TI: So tell me what it, so how did you get to Philadelphia? It was all train?

KG: Train, yeah.

TI: That took a long time, that was a long trip.

KG: Yeah.

TI: Any stories or memories from that train?

KG: Yeah, sitting on our suitcases because it was during the war and the trains were crowded, and about as low a class as one can, how one can travel.

TI: So it was kind of like standing room kind of train ride.

KG: Yeah, uh-huh.

TI: Do you recall how you were feeling? I mean, in some ways, there must be this sense of relief of leaving Tule Lake, but yet apprehension in terms of what you're going to find.

KG: Yeah, well, I found out that I couldn't stand to be with (the Japanese people). Because the first thing people asked was, "What camp were you in?" And the moment you said Tule Lake, it meant only one thing: that you were disloyal. Because people had no understanding of what went on, and they just... well, that's how the government labeled the desegregation camp, was for the disloyal people, is how they publicized it more or less. At least, that's the information that was gotten across.

TI: But how about friends that knew you before the war? Like this woman that had the hostel in Philadelphia? Did her feelings change at all towards the family because you were at Tule Lake?

KG: No. They knew, at least, my parents explained and all.

TI: So it was really people that you didn't really know, so other Japanese, Japanese Americans who you'd just meet.
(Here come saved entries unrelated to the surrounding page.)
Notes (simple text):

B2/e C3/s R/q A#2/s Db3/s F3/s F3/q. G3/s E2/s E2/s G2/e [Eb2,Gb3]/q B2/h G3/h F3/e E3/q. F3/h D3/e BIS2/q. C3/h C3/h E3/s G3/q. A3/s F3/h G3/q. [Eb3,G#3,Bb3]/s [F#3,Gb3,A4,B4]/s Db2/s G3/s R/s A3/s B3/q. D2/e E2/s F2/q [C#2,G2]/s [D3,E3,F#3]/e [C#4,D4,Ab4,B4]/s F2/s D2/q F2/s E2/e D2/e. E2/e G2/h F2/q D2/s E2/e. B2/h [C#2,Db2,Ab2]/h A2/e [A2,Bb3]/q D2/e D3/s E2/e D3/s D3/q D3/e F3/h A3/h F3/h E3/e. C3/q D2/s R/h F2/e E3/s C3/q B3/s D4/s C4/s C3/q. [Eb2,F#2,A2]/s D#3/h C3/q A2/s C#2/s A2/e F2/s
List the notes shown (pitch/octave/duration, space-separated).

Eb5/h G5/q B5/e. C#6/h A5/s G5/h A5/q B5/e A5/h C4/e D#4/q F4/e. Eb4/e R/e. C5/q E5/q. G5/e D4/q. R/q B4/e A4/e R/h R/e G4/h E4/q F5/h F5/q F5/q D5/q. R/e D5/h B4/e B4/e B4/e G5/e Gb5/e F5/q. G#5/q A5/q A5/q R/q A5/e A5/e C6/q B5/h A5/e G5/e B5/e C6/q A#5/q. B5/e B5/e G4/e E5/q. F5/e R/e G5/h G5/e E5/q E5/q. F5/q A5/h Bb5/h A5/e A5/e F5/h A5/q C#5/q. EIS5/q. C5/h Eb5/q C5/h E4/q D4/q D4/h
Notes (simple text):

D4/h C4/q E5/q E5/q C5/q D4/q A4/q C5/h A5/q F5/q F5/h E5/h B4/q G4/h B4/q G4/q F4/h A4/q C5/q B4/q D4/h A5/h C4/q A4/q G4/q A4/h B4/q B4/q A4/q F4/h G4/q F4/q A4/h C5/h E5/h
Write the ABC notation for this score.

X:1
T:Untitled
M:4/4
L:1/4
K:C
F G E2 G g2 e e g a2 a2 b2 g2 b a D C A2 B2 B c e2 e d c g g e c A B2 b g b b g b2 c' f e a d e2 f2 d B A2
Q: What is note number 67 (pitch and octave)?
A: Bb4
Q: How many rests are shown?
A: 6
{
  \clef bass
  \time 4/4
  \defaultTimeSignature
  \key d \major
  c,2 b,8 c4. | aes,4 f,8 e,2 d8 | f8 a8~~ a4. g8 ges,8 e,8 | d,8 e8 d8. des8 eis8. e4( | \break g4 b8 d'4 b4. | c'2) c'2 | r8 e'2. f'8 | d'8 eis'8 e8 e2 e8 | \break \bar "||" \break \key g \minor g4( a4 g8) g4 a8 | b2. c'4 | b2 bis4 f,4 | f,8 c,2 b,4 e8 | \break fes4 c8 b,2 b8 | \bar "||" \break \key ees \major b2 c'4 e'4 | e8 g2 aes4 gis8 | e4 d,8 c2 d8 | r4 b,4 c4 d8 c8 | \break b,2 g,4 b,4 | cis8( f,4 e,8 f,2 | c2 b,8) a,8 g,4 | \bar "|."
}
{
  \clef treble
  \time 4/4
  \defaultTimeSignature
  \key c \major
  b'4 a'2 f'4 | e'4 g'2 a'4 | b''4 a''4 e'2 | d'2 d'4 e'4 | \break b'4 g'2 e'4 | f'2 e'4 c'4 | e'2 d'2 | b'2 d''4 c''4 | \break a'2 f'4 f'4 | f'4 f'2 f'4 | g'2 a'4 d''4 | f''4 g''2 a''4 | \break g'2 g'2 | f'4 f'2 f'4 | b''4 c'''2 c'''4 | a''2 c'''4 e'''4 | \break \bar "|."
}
KG: They came from all over. That was a hostel, you know, people came out of camps and went there, they were from different camps. And they were people we didn't know before. There were a few we knew, but most of them were just strangers. And I could not stand being with any of them.

TI: And again it's because of how they treated you when they found out that you were from Tule Lake?

KG: Well, I don't know that they... well, as soon as they stated I was disloyal, then I just left. I mean, I didn't care to deal with them, and I just avoided the Japanese period because of that.

TI: Now tell me a little bit about the hostel. I'm curious what a hostel would be like in Philadelphia.

KG: It's a boarding house.

TI: And so how large, was it just like a big house?

KG: Yeah, it was a big house. It must have been two, three stories. And there were bedrooms and then a big dining room where we ate together. And from there, people looked for jobs and all.

TI: I'm sorry, about how many people were in the hostel, would you say, at one time? How many different families?

KG: Oh, maybe four or five families, I don't know.

TI: And generally how long would people stay at the hostel?

KG: I have no idea. Depending upon how long it took them to get a job or whatever.

TI: And then earlier you mentioned...

KG: The government had hostels throughout the country in different cities like Cincinnati and Chicago and Philadelphia. And this is one means of getting people out, or providing people a place to stay, you know, right after they got out of camp.

TI: Now, were these hostels subsidized? Did the government sort of pay for your rent?

KG: I don't remember. I don't remember paying, or my parents paying or anything like that. Well, we didn't stay long, so it's possible that the government paid, I don't know.